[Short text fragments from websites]
= = = = = = =

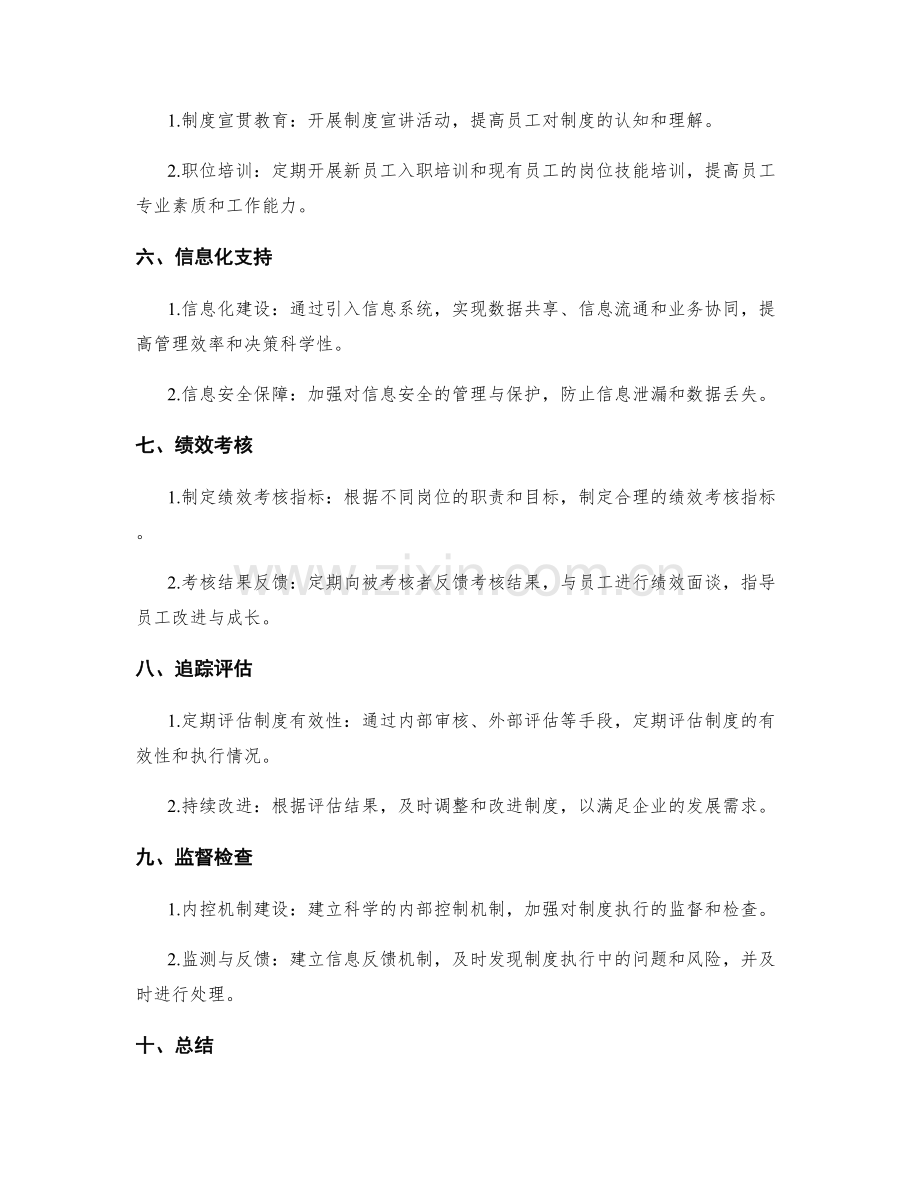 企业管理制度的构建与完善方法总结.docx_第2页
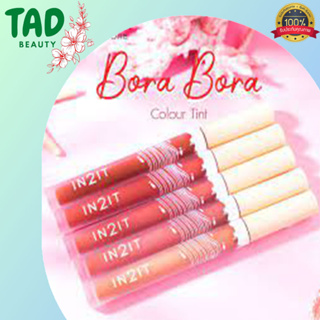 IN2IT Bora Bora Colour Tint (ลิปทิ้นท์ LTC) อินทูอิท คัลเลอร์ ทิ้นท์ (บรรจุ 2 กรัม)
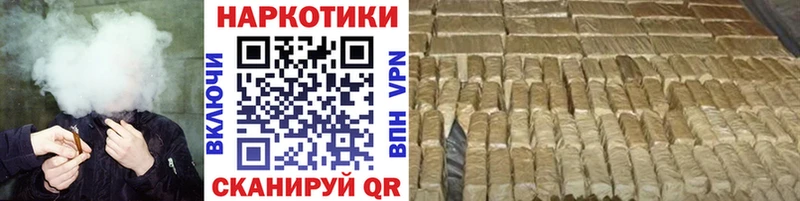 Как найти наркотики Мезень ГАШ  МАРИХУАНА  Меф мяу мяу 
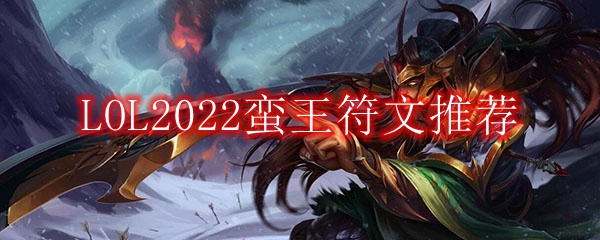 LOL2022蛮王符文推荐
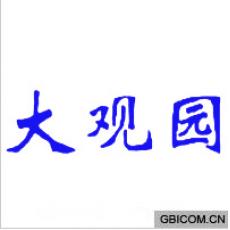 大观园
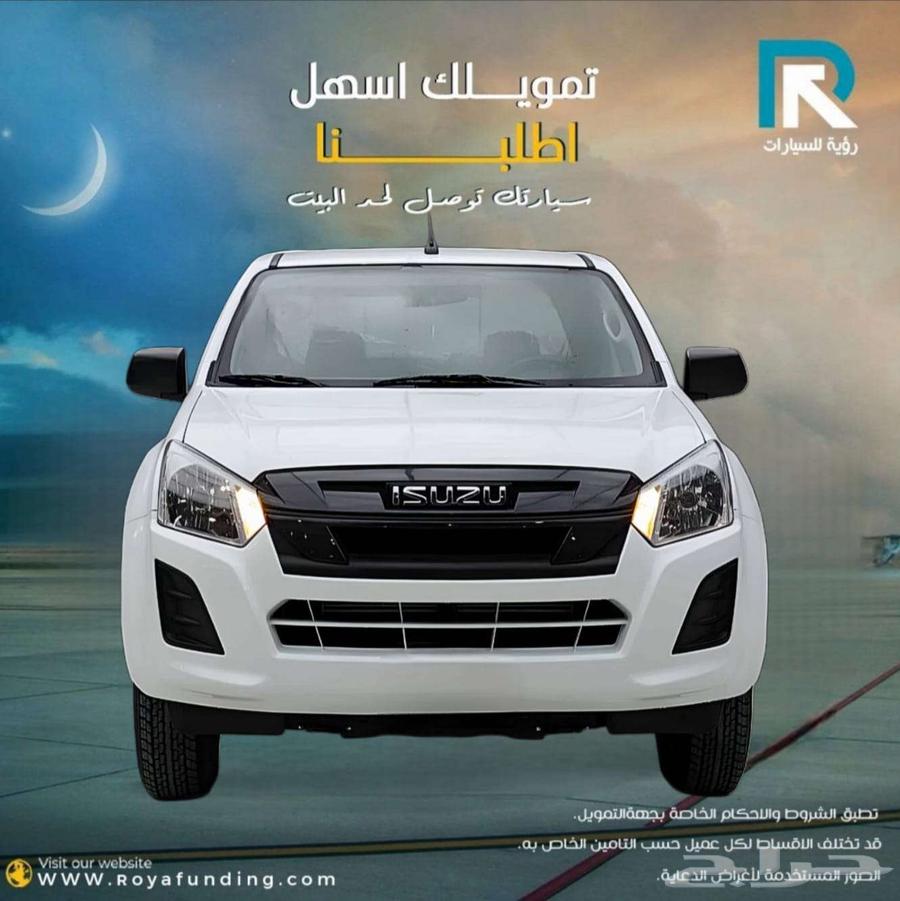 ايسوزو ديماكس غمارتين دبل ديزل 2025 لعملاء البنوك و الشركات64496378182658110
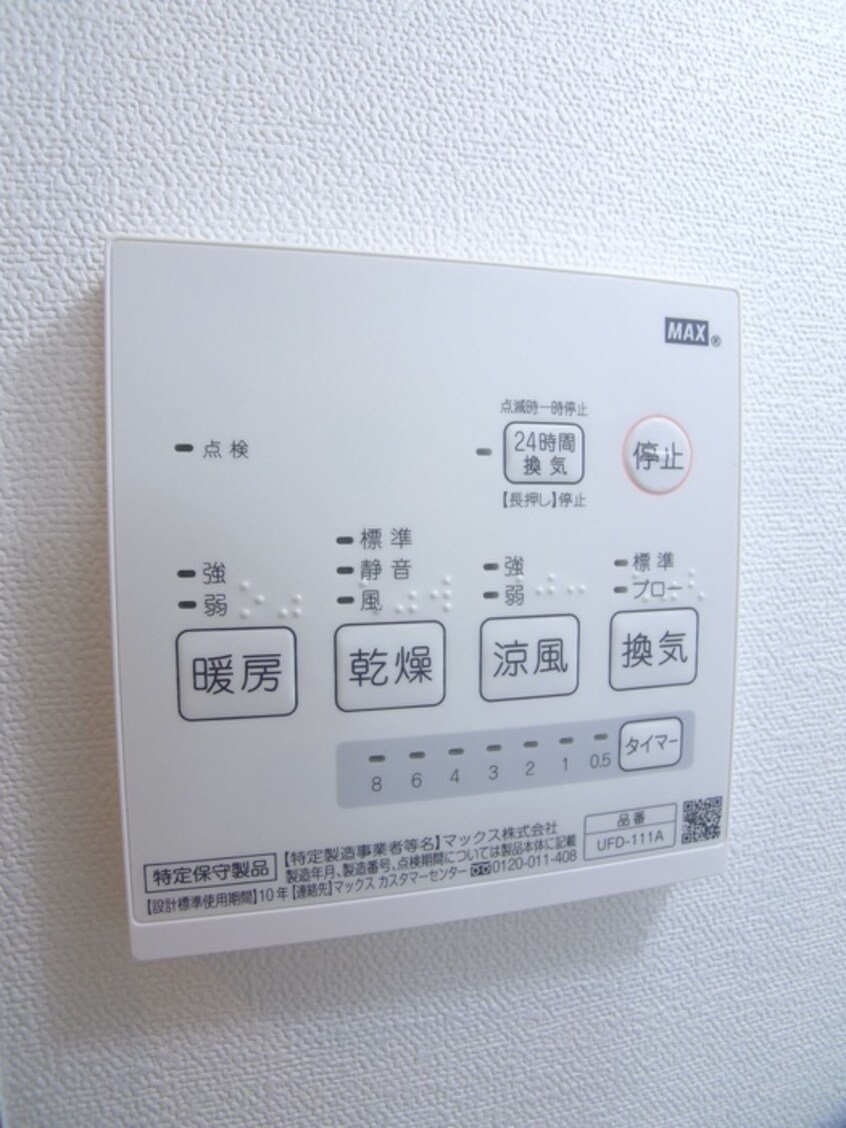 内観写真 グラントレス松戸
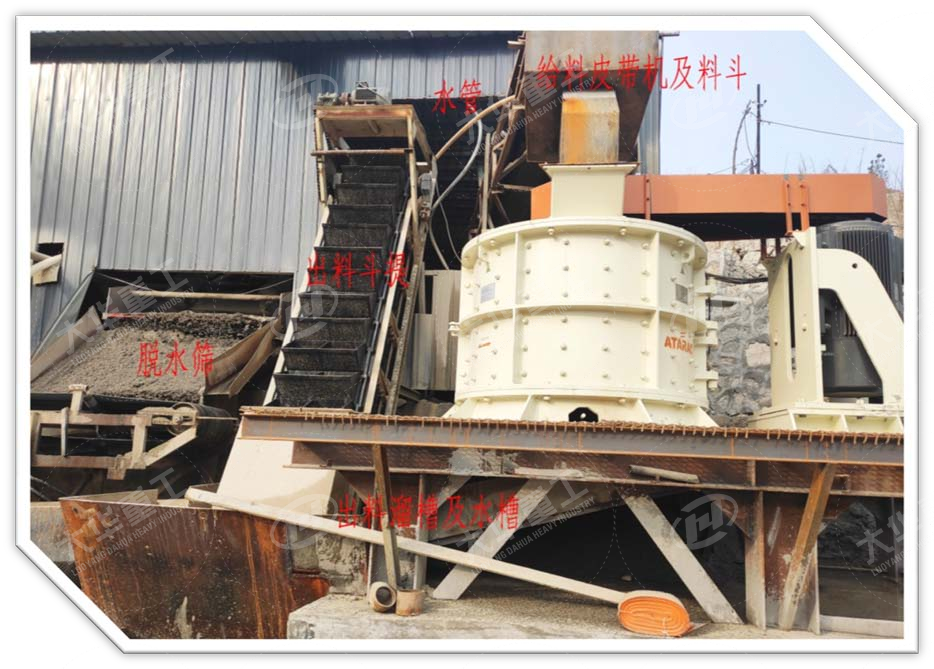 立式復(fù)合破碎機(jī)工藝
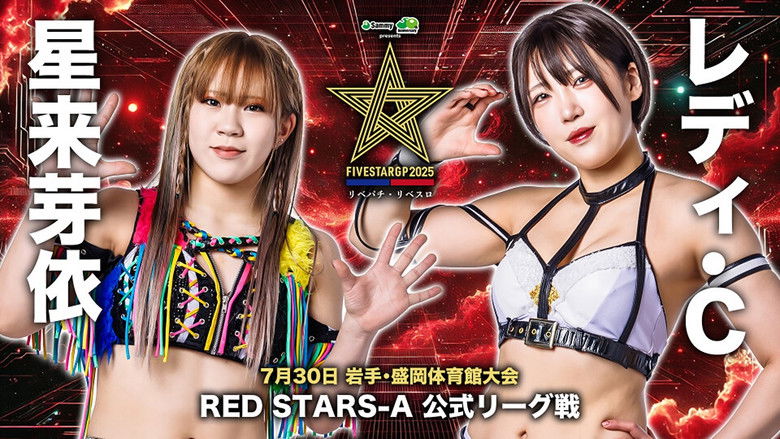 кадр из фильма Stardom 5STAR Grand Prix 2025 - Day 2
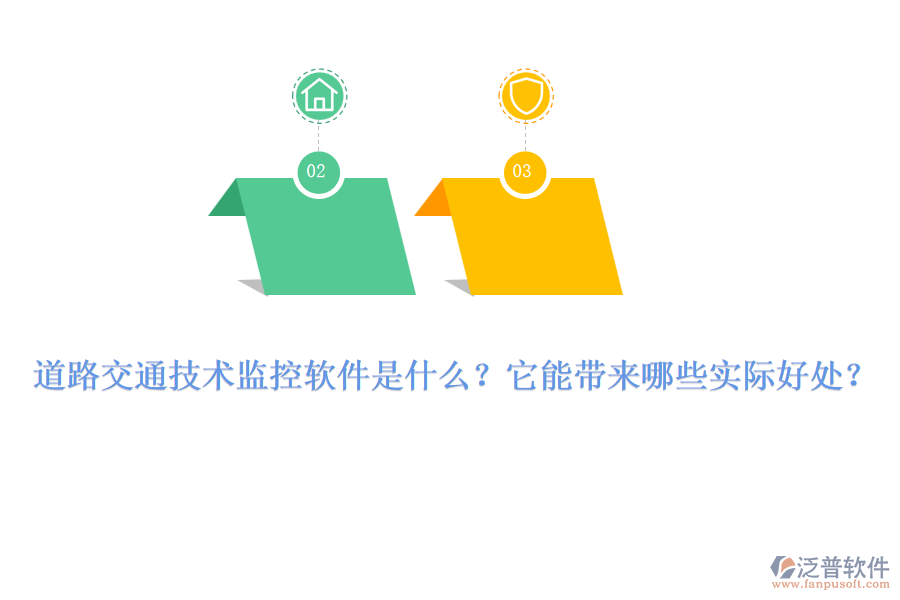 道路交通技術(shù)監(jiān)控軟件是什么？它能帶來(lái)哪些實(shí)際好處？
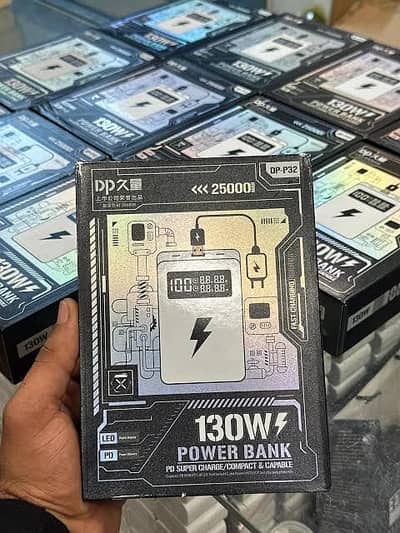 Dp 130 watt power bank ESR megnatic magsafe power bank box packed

= = = = = = =

Retype the whole of the data verbatim. Skip every picture.

_Answer to the problem_
 企业管理制度的构建与完善方法总结.docx_第2页
 IN2IT Bora Bora Colour Tint (ลิปทิ้นท์ LTC) อินทูอิท คัลเลอร์ ทิ้นท์ (บรรจุ 2 กรัม)
 Как найти наркотики Мезень ГАШ  МАРИХУАНА  Меф мяу мяу 
 LOL2022蛮王符文推荐
 大观园
 ايسوزو ديماكس غمارتين دبل ديزل 2025 لعملاء البنوك و الشركات64496378182658110
 内観写真 グラントレス松戸
 立式復(fù)合破碎機(jī)工藝
 кадр из фильма Stardom 5STAR Grand Prix 2025 - Day 2
 道路交通技術(shù)監(jiān)控軟件是什么？它能帶來(lái)哪些實(shí)際好處？
 Dp 130 watt power bank ESR megnatic magsafe power bank box packed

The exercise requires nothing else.